![]() |
Tweet |
Açıklamada kullanılan bazı ifadelerin toplumsal hassasiyetleri hiçe saydığını belirten Baraç, “Devletin tüm kurumları, sürecin ciddiyetini göz önünde bulundurarak toplumsal güveni sarsacak her tür gelişmeye karşı hazırlıklı olmalı, gerekli denetimi sağlamalıdır. Toplumun hafızasında derin yaralar bırakmış bir meselenin, dikkat ve sağduyu dışında hiçbir zeminle yönetilemeyeceği ortadadır” dedi.
“AÇIKLAMADA KULLANILAN DİL, SİYASİ DEĞİL TOPLUMSAL BİR TEHDİT BARINDIRMAKTADIR”
Nihat Baraç, fesih açıklamasında geçen “Lozan”, “soykırım” ve “anayasa” gibi terimlerin dikkatle seçildiğini ve kasıtlı bir siyasi çerçeve oluşturduğunu belirterek şu ifadeleri kullandı:
“Bunlar herhangi bir metinde tesadüfen geçen kelimeler değildir. Bu kelimeler, ülkemizin tarihsel ve anayasal yapı taşlarını hedef alabilecek potansiyel barındırmaktadır. Böyle bir ortamda bu terminolojiye yer verilmesi, kamuoyunda infiale yol açacak sonuçlar doğurabilir. Devletin sorumluluğu, sadece açıklamayı not etmek değil; içeriğini anlamak, analiz etmek ve gerektiğinde müdahale etmektir.”
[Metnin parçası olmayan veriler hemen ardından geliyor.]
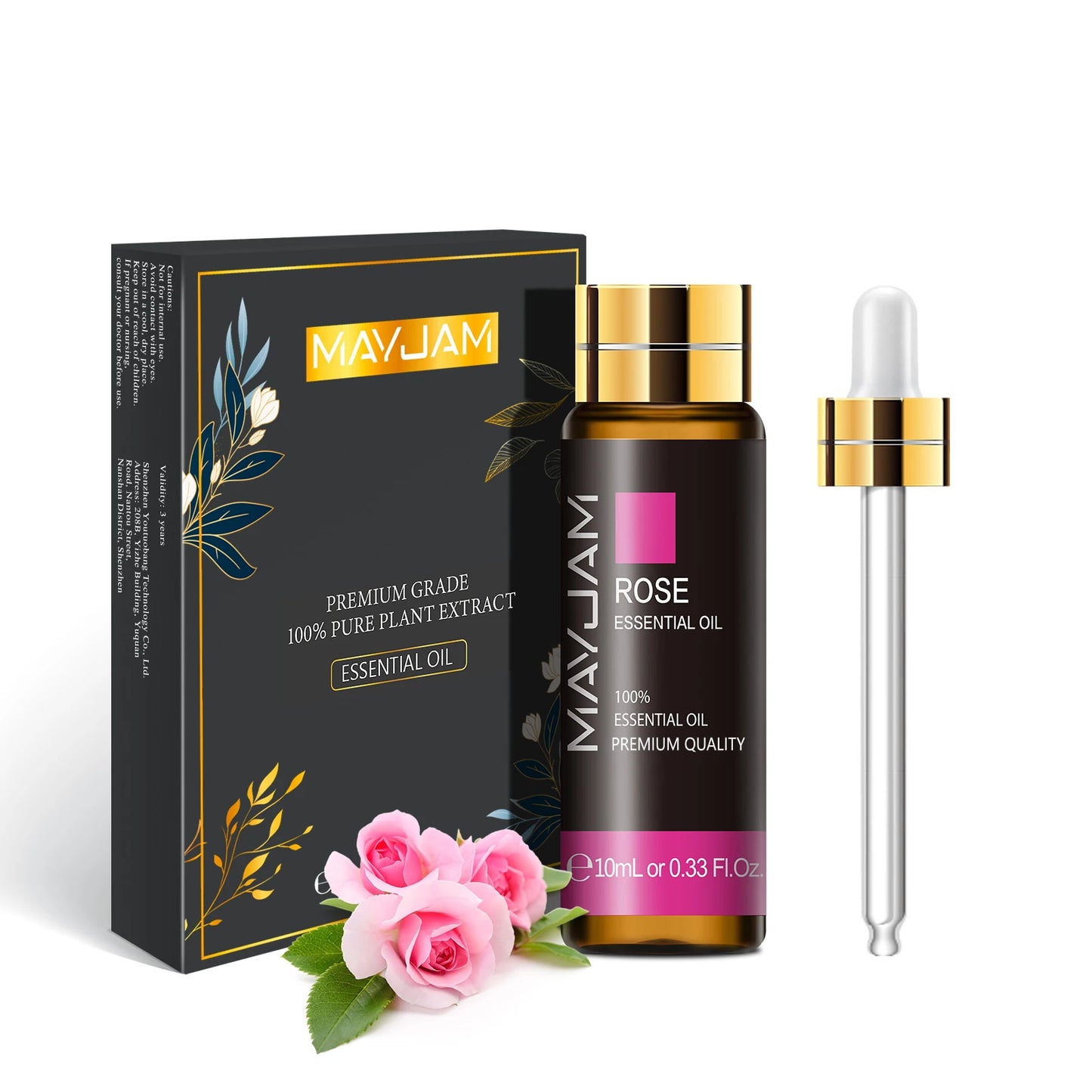Aceite esencial difusor de aroma de lavanda, rosa, eucalipto, jazmín, vainilla, menta, sándalo, árbol de té y naranja, 10 ml.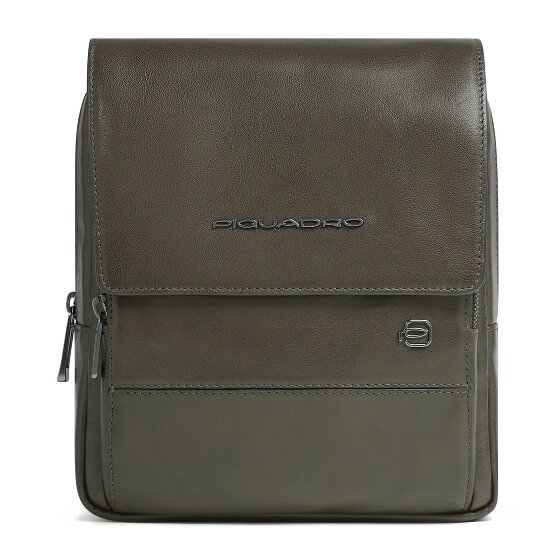Piquadro Philip Schoudertas Leer 20 cm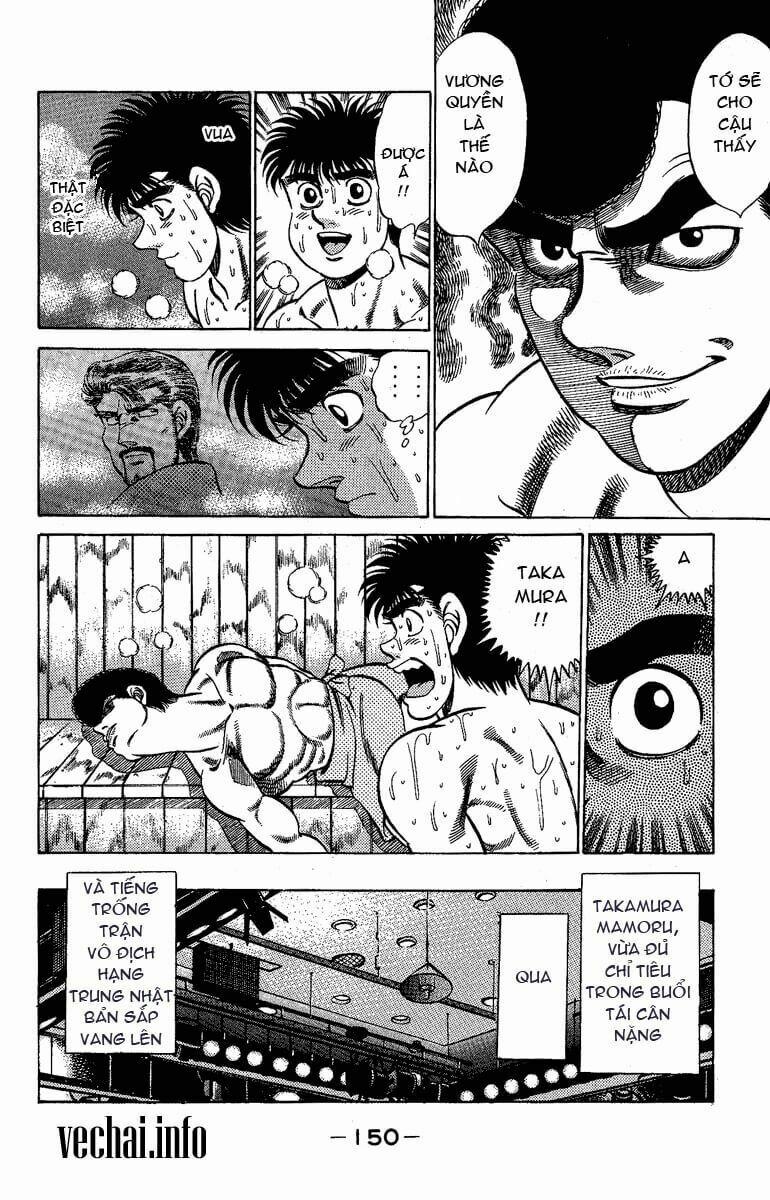 Hajime No Ippo 177 trang 8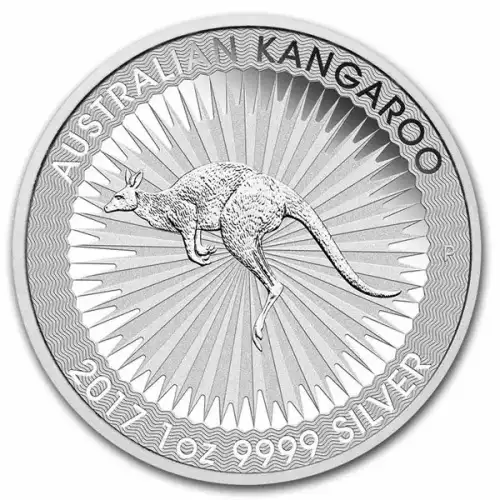 Any Year 1oz Silver Kangaroo - Royal Australian Mint (2)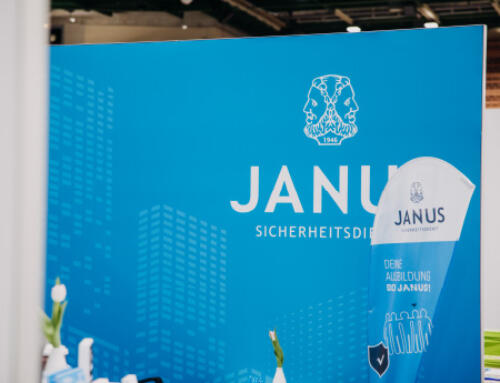 Messestand Janus Sicherheit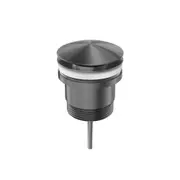Amelie Universal Pop up Waste 32/40mm with Removable waste Gun Metal BDO706GM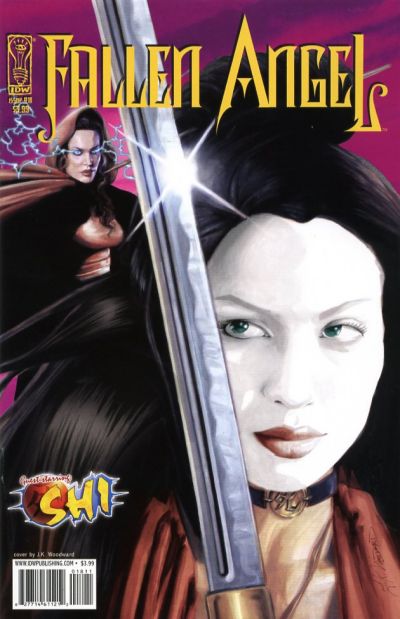 Cover for Fallen Angel (IDW, 2005 series) #18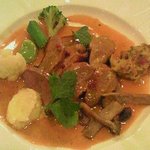 ビストロ パザパ - 鴨胸肉のロティ　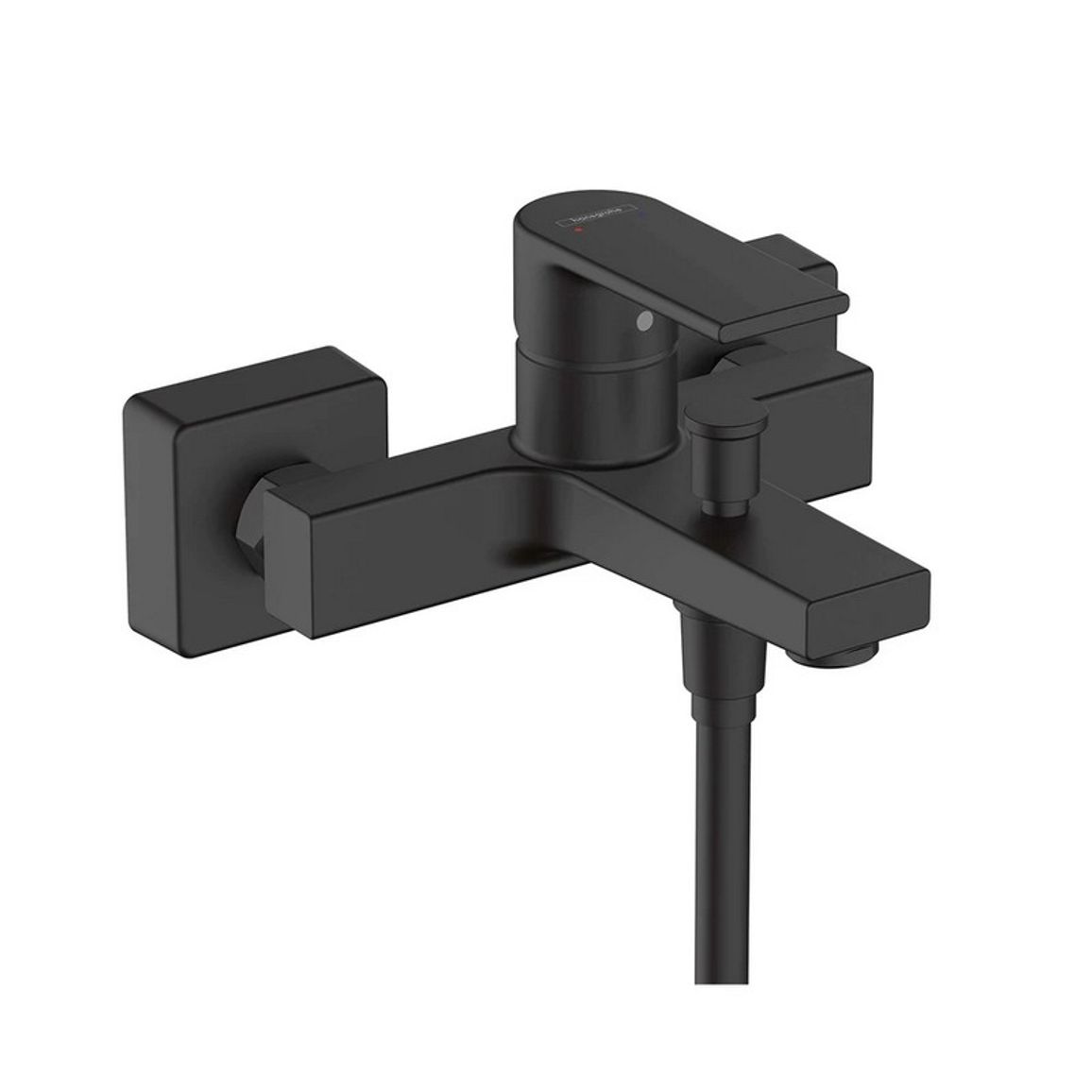 Змішувач для ванни Vernis Shape Matt Black Hansgrohe (71450670)
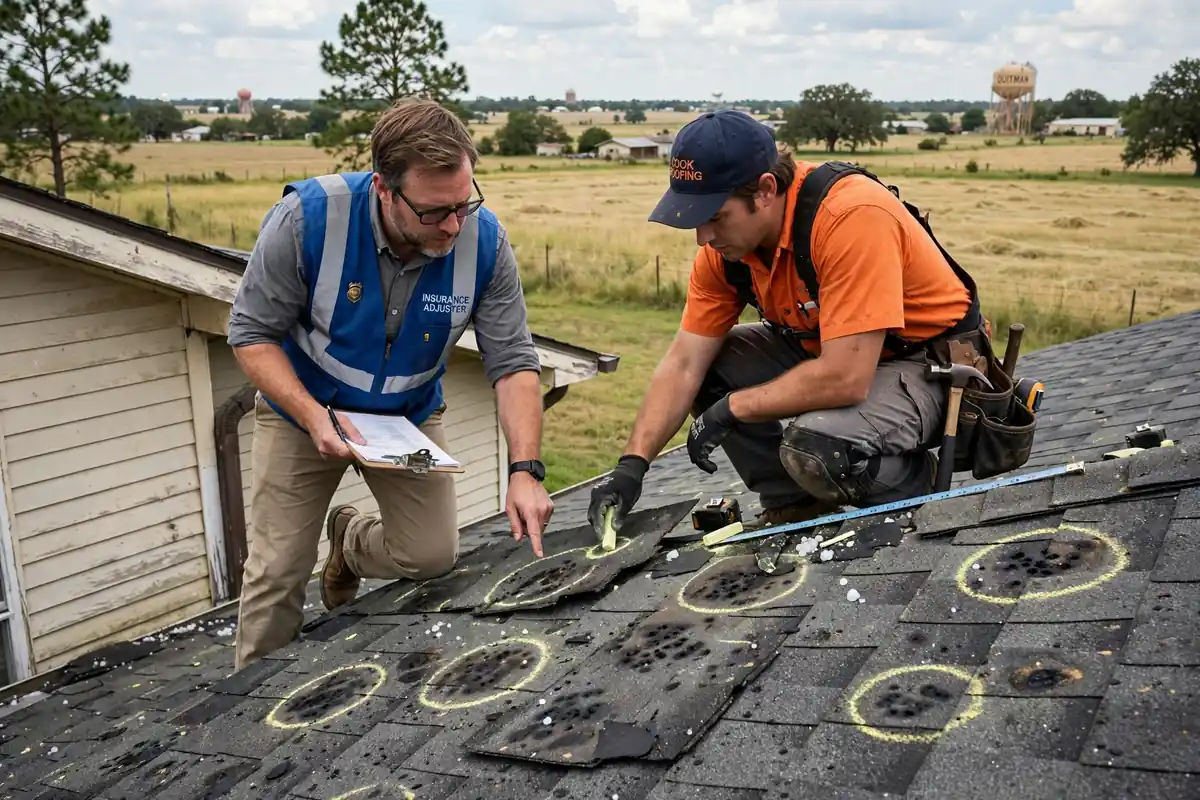 Storm Damage Roof Replacement in Trinity, TX — Roof Replacement Pros, Huntsville, TX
“TOPLUMSAL HASSASİYETLER GÖZETİLMEZSE, SÜRECE DUYULAN GÜVEN ZEDELENİR”
DEVA Partisi Bingöl İl Başkanı Baraç, yaşanan sürecin yönetiminde karşılıklı güvenin belirleyici olduğunu vurgulayarak şöyle devam etti:
“Toplum, geçmişte yaşananlardan dolayı benzer süreçlere karşı daha ihtiyatlı ve sorgulayıcı yaklaşmaktadır. Bu nedenle yürütülen her çalışmanın, açık, denetlenebilir ve güven verici nitelikte olması gerekir. Aksi takdirde belirsizlikler büyür, çözüm değil yeni sorunlar üretilir. Toplumsal huzur, ancak şeffaflıkla ve hesap verilebilirlikle korunabilir.”
“DEVLET KURUMLARI BU SÜRECİN HER AŞAMASINI DİKKATLE YÖNETMELİDİR”
Baraç, açıklamanın kamuoyuna sunulmadan önce devletin istihbarat ve güvenlik birimleri tarafından yeterince denetlenip denetlenmediğini sorguladı:
“Böylesine hassas bir açıklamanın, toplumun sinir uçlarına dokunabilecek söylemlerle yayına girmesi ciddi bir denetim eksikliğini gösteriyor olabilir. Oysa geçmişte en ufak ifadelerin dahi günlerce değerlendirmeye alındığı süreçler yaşadık. Aynı ciddiyetin bugün de gösterilmesi, yalnızca siyasi değil; aynı zamanda toplumsal bir zorunluluktur.”
“BİNGÖL HALKININ BEKLENTİSİ HUZUR, ADALET VE SAĞDUYULU YÖNETİMDİR”
Açıklamasının sonunda Bingöl halkının yıllardır sabırla ve metanetle barış ortamını desteklediğini vurgulayan Nihat Baraç, sürecin istismar edilmemesi gerektiğini şu sözlerle ifade etti:
“Bingöl halkı çatışmanın, gerilimin ve güvensizliğin bedelini en ağır şekilde ödemiş illerden biridir. Artık bu toprakların ihtiyacı hamasi söylemler değil; sağduyulu, güven verici ve ilkeli bir yönetim anlayışıdır. Devlet, bu süreci yalnızca siyasi bir mesele değil, aynı zamanda toplumsal huzurun yeniden tesisi olarak ele almalı ve ona göre davranmalıdır.”